» PROBLEM DESCRIPTION
The line with "Nước tăng lực" through the last line of the entries: give these again exactly, and only these, without any pictures.

Short text fragments from websites
────────────────

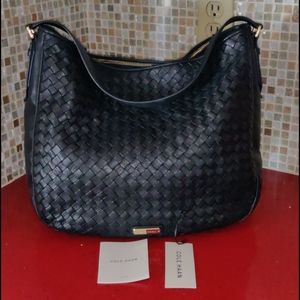 Cole Haan Woven Leather Hobo Handbag
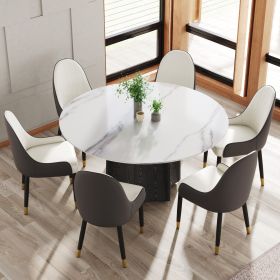 59.05" Round Marble Dining Table with Black Textured Solid Wood Base, Artificial Marble for 6-8 People, Dining Room/Living Room Kitchen Dining Table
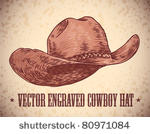 vector engraving cowboy hat
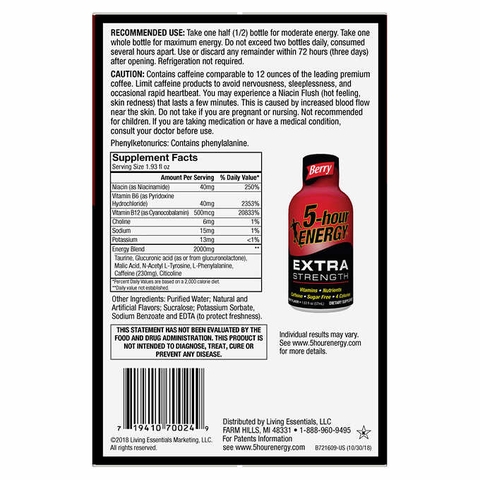 Nước tăng lực vị quả mọng 5-hour Energy Shot, Extra Strength, Berry, 1.93 fl. oz, 24 chai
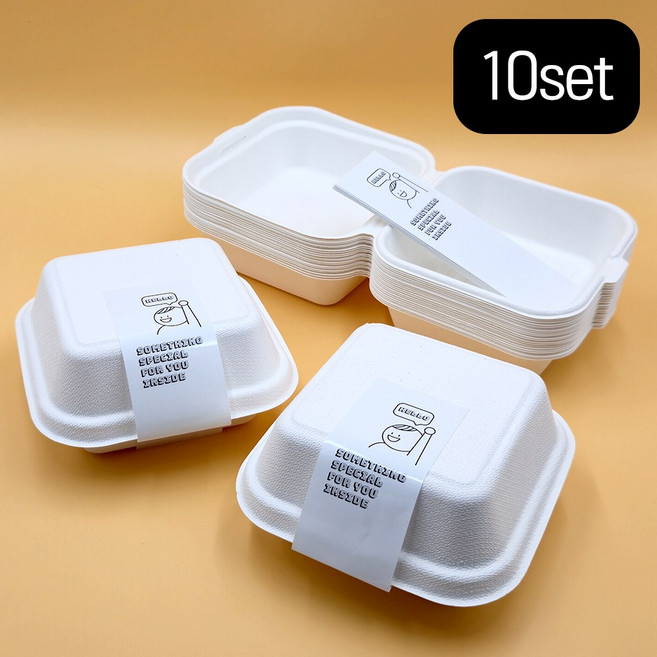 길그리 예쁜 일회용 도시락 용기 포장용기+밀봉 띠지 세트, 1세트, 10개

────────────────

» RESULT OF THIS TASK
 Nước tăng lực vị quả mọng 5-hour Energy Shot, Extra Strength, Berry, 1.93 fl. oz, 24 chai
 길그리 예쁜 일회용 도시락 용기 포장용기+밀봉 띠지 세트, 1세트, 10개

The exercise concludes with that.